[SUPPLIED ENTRIES]
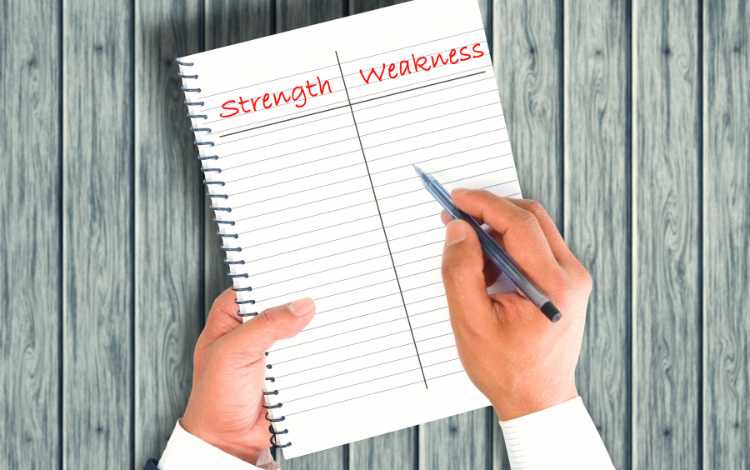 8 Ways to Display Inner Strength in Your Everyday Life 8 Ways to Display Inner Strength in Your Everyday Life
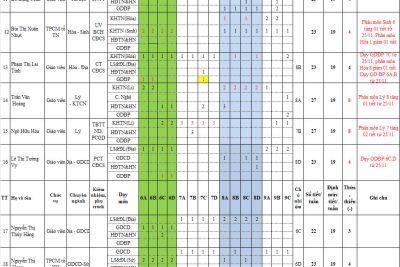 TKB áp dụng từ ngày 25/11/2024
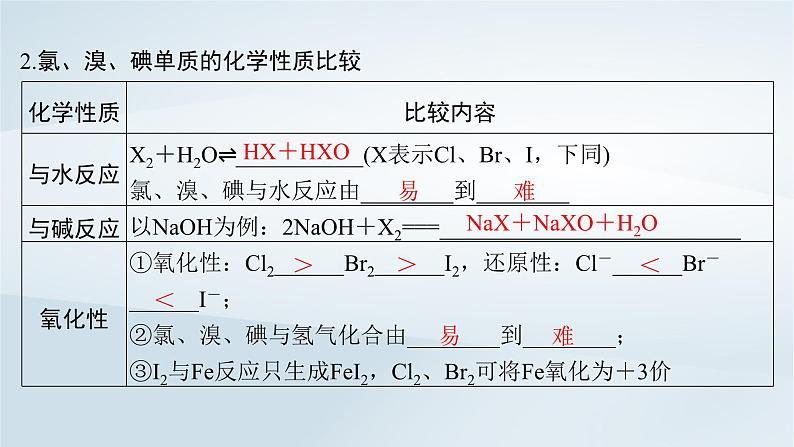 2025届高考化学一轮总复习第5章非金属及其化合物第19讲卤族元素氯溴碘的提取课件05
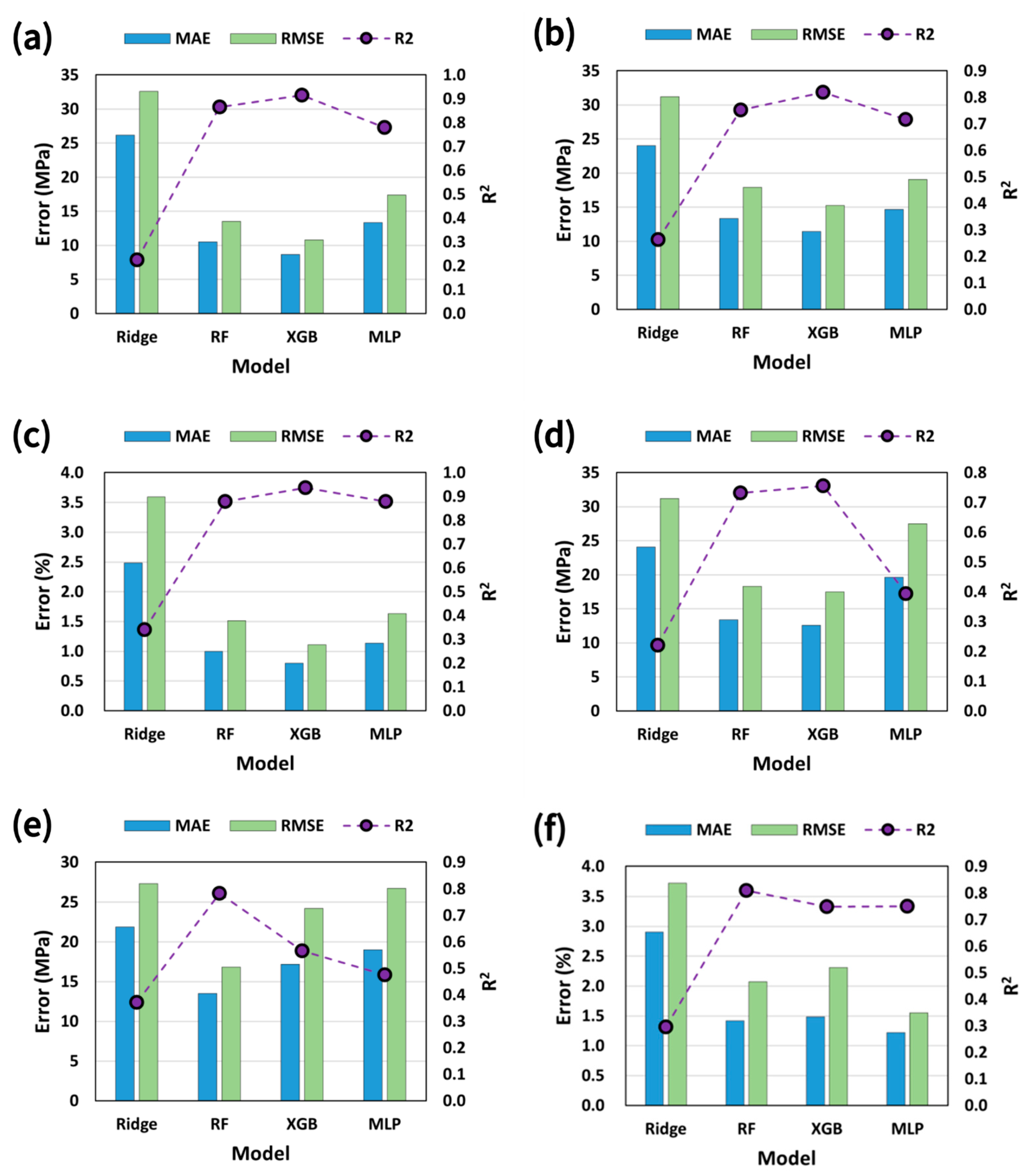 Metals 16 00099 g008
[/SUPPLIED ENTRIES]
[SUPPLIED ENTRIES]
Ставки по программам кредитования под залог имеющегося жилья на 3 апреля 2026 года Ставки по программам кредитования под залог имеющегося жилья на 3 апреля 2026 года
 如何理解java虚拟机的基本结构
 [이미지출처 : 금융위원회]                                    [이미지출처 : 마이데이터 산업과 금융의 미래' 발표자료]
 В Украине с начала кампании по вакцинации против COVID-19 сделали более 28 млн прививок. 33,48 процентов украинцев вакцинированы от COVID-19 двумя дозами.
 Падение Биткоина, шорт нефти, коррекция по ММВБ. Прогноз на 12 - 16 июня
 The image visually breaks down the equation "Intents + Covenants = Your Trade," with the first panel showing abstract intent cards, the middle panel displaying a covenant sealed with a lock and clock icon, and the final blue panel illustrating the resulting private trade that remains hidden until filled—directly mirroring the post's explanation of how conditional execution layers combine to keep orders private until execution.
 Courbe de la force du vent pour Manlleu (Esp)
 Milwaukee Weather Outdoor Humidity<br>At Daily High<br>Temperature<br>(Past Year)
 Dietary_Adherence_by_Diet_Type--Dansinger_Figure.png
[/SUPPLIED ENTRIES]
THE TASK:
Give again the lines of the listing above that run from the one with "2025届高考化学一轮总复习" up to and including the one with "Metals 16 00099 g008". Keep them exact and omit the pictures.

OUTPUT FOR THIS EXERCISE:
 2025届高考化学一轮总复习第5章非金属及其化合物第19讲卤族元素氯溴碘的提取课件05
 Metals 16 00099 g008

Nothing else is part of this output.